Now we define the following variables associated with the tweet \(tw_k^{(i)}\).

\(lk(tw_k^{(i)},n)\):

       :  The number of   likes that \(tw_k^{(i)}\) receives by time slot n.

\(sh(tw_k^{(i)},n)\):

       :  The number of shares that \(tw_k^{(i)}\) receives by time slot n.

\(co(tw_k^{(i)},n)\):

        :  The number of comments that \(tw_k^{(i)}\) receives by time slot n.

Let \(Inf(tw_k^{(i)},n)\) denote the influence value of a single tweet \(tw_k^{(i)}\) at time slot n, which is defined by

$$\begin{aligned} Inf(tw_k^{(i)},n) = \frac{f(lk(tw_k^{(i)},n))+ f(sh(tw_k^{(i)},n))+ f(co(tw_k^{(i)},n))}{3}. \end{aligned}$$
(7)

Then, Influence creator factor \(IC_i(n)\) is defined as

$$\begin{aligned} IC_i(n) = \frac{1}{\#_i^{tweet}(n)} \sum _{k=1}^{\#_i^{tweet}(n)} Inf(tw_k^{(i)},n), \end{aligned}$$
(8)

where \(\#_i^{tweet}(n)\) is the number of tweets created by user i until time slot n.

From the viewpoint of the users who received the tweet from user i, they want to understand how often user i interacted with fake news and true news. This can be evaluated by measuring the number of fake tweets liked, shared, and discarded by user i compared to true news.

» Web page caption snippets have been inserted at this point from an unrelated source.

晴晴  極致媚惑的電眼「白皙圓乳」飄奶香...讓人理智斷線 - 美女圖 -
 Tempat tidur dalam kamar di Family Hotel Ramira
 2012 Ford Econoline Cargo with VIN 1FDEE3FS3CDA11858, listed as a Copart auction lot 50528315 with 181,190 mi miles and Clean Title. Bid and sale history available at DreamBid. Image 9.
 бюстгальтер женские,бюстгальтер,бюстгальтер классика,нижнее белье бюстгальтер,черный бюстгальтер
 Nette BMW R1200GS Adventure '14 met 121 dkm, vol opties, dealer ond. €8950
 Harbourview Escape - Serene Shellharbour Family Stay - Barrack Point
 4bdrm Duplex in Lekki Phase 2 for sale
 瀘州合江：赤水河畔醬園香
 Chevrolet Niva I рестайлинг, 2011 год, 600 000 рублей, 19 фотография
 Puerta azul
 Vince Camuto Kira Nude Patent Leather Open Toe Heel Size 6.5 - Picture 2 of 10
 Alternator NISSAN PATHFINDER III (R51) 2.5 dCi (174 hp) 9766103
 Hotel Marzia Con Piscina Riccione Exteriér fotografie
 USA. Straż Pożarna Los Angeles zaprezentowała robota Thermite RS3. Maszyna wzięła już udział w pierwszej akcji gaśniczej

Let \(Tlk_i(n)\) (resp. \(Flk_i(n)\)) denote the number of likes on true (resp. fake) news by user i at time slot n. We define \(LK_i(n)\) as the degree of likes by user i at time slot n, which is given by

$$\begin{aligned} LK_i(n) = \frac{f(Tlk_i(n))}{f(Tlk_i(n))+f(Flk_i(n))}. \end{aligned}$$
(9)

In order to characterize the share behavior of users, we introduce the degree of share for user i, \(Sh_i\). Let \(Tsh_i(n)\) (resp.  \(Fsh_i(n)\)) denote the number of shares on true (resp.  fake) news by user i at time slot n. We also define \(Tds_i(n)\) (resp. \(Fds_i(n)\)) as the number of discards on true (resp. fake) news by user i at time slot n. Then \(Sh_i\) is defined as

$$\begin{aligned} Sh_i(n) = \frac{f(Tsh_i(n)) + f(Fds_i(n))}{ f(Tsh_i(n)) + f(Fsh_i(n)) + f(Tds_i(n)) + f(Fds_i(n))}. \end{aligned}$$
(10)

Let \(IR_i(n)\) denote the influence receiver factor of user i in time slot n, defined by

$$\begin{aligned} IR_i(n) = \frac{LK_i(n) + Sh_i(n)}{2}. \end{aligned}$$
(11)

With the influence creator factor \(IC_i(n)\) and influence receiver factor \(IR_i(n)\), the behavior based trust of user i in time slot n, \(BT_i(n)\), is defined as

$$\begin{aligned} BT_i(n) = \frac{IC_i(n) + IR_i(n)}{2}. \end{aligned}$$
(12)

5.3 Relation-based trust

In general, users are ikely to trust the information provided by family members and friends. The relation-based trust is a measure of how closely a user is related to his/her colleagues who provide information. We adopt the relation-based trust of Gao et al. (2019) in which the degree of closeness is characterized by the betweenness centrality and number of shortest paths between users. The major difference between this model and that in Gao et al. (2019) is that users with high extroversion personality trait tend to have high interaction with others, causing high relation-based trust value Correa et al. (2010). The relation-based trust of user i, \(RT_i\), consists of two factors: the local clustering coefficient of user i, \(LC_i\), and the betweenness centrality of user i, \(\sigma (i)\). The local clustering coefficient quantifies of how close a node, in this case, a user, is to its neighbors. This was proposed by Watts and Strogatz (1998) with the main goal of determining the proportion of the current number of links divided by the maximum possibility of links that could exist between the nodes. Following (Gao et al. 2019), the local clustering coefficient of user i, \(LC_i\) is calculated according to the following equation:

$$\begin{aligned} LC_i = \frac{2 Ln_i}{No_i (No_i-1)}, \end{aligned}$$
(13)

where \(Ln_i\) is the number of links between user i’s neighboring users, and \(No_i\) the number of user i’s neighboring users.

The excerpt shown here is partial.